- Work request -
Nothing in the records may be altered, and no picture may be included. Restate them in full.

- Records from a dataset -
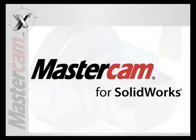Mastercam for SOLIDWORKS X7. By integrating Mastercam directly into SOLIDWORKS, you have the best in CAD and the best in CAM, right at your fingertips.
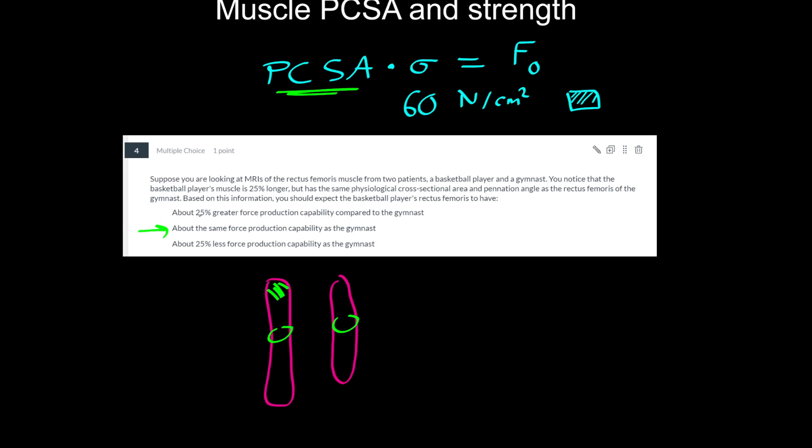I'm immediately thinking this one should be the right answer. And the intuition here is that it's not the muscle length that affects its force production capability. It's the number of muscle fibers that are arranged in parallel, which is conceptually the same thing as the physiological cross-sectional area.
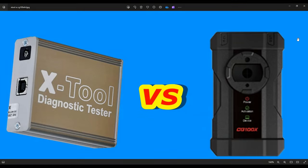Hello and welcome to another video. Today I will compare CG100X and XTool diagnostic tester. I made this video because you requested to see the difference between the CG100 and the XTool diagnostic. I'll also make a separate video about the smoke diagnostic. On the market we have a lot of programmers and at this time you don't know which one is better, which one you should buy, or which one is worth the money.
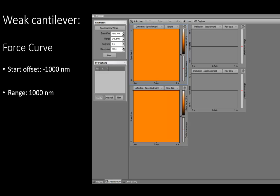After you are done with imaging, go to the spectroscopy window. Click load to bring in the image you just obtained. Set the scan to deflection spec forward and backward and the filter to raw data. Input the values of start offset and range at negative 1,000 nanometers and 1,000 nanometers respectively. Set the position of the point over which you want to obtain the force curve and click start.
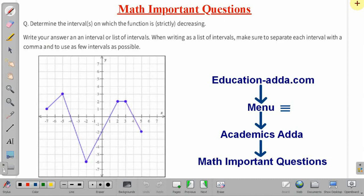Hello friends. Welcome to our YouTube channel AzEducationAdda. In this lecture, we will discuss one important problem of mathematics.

- Written answer -
Mastercam for SOLIDWORKS X7. By integrating Mastercam directly into SOLIDWORKS, you have the best in CAD and the best in CAM, right at your fingertips.
I'm immediately thinking this one should be the right answer. And the intuition here is that it's not the muscle length that affects its force production capability. It's the number of muscle fibers that are arranged in parallel, which is conceptually the same thing as the physiological cross-sectional area.
Hello and welcome to another video. Today I will compare CG100X and XTool diagnostic tester. I made this video because you requested to see the difference between the CG100 and the XTool diagnostic. I'll also make a separate video about the smoke diagnostic. On the market we have a lot of programmers and at this time you don't know which one is better, which one you should buy, or which one is worth the money.
After you are done with imaging, go to the spectroscopy window. Click load to bring in the image you just obtained. Set the scan to deflection spec forward and backward and the filter to raw data. Input the values of start offset and range at negative 1,000 nanometers and 1,000 nanometers respectively. Set the position of the point over which you want to obtain the force curve and click start.
Hello friends. Welcome to our YouTube channel AzEducationAdda. In this lecture, we will discuss one important problem of mathematics.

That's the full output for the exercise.